Reproduce the lines below verbatim. Pictures are to be omitted.

### INPUT DATA
======

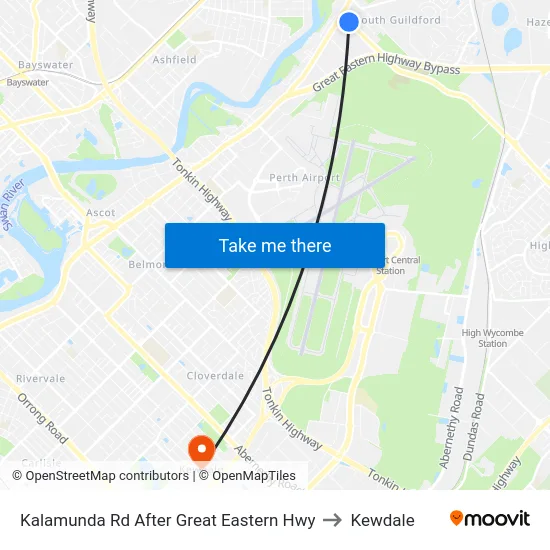 Kalamunda Rd After Great Eastern Hwy to Kewdale map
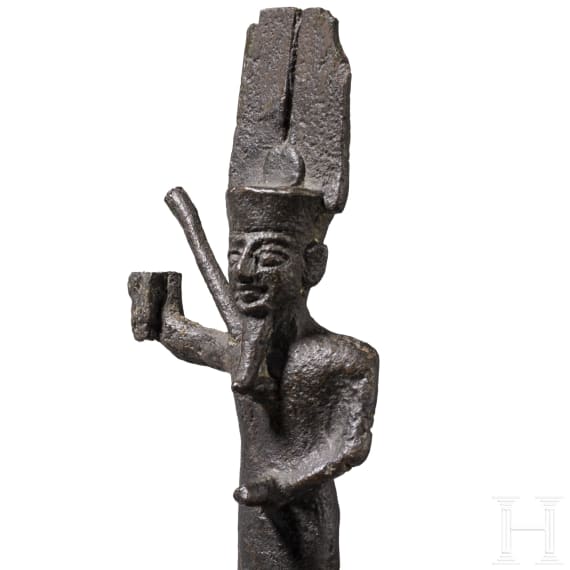 Bronzene Votivstatuette der Fruchtbarkeitsgottheit Min, Sp&auml;tzeit, mittleres Drittel 1. Jtsd. v. Chr.
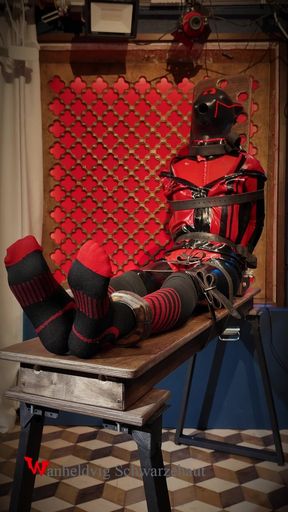 Slave Drone Tickling Session Silicone Suit, Socks & Merciless Sole Play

======

### WORKED SOLUTION
 Kalamunda Rd After Great Eastern Hwy to Kewdale map
 Bronzene Votivstatuette der Fruchtbarkeitsgottheit Min, Sp&auml;tzeit, mittleres Drittel 1. Jtsd. v. Chr.
 Slave Drone Tickling Session Silicone Suit, Socks & Merciless Sole Play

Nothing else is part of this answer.